--- EXERCISE DATA ---
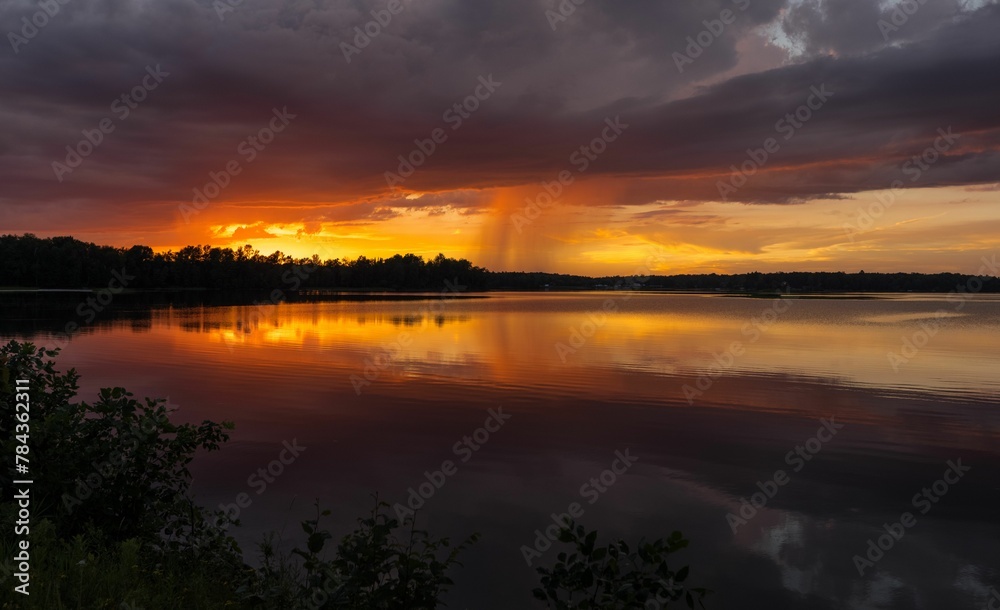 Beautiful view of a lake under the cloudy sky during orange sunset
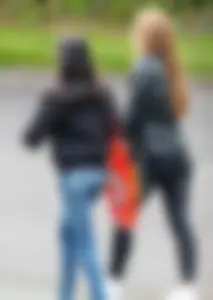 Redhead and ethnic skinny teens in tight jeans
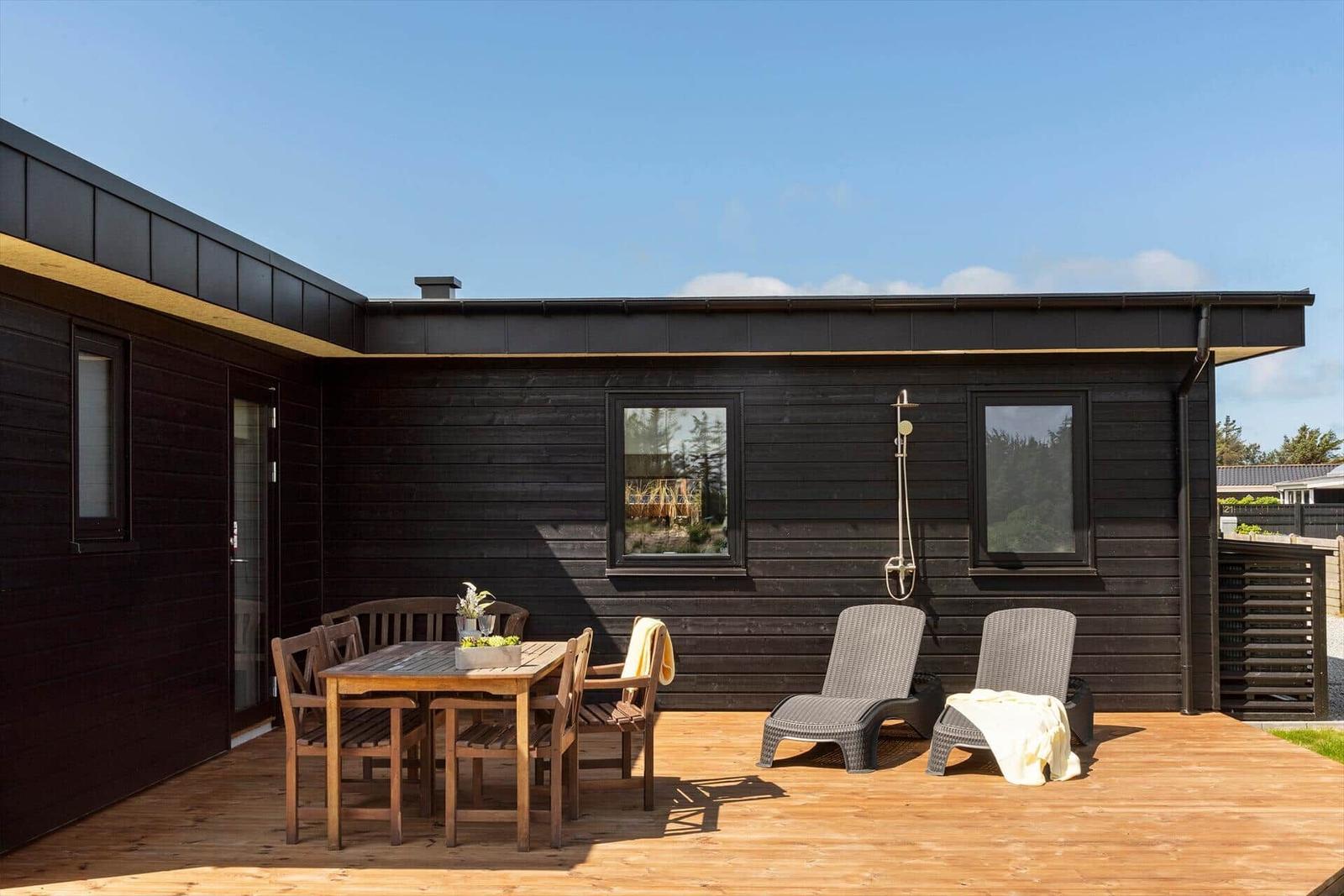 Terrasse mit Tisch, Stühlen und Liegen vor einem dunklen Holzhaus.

--- YOUR TASK ---
Leave every picture out and copy precisely the lines from the one containing "Redhead and ethnic" through the last line of the data above, both ends included.

--- REPLY TO THE EXERCISE ---
 Redhead and ethnic skinny teens in tight jeans
 Terrasse mit Tisch, Stühlen und Liegen vor einem dunklen Holzhaus.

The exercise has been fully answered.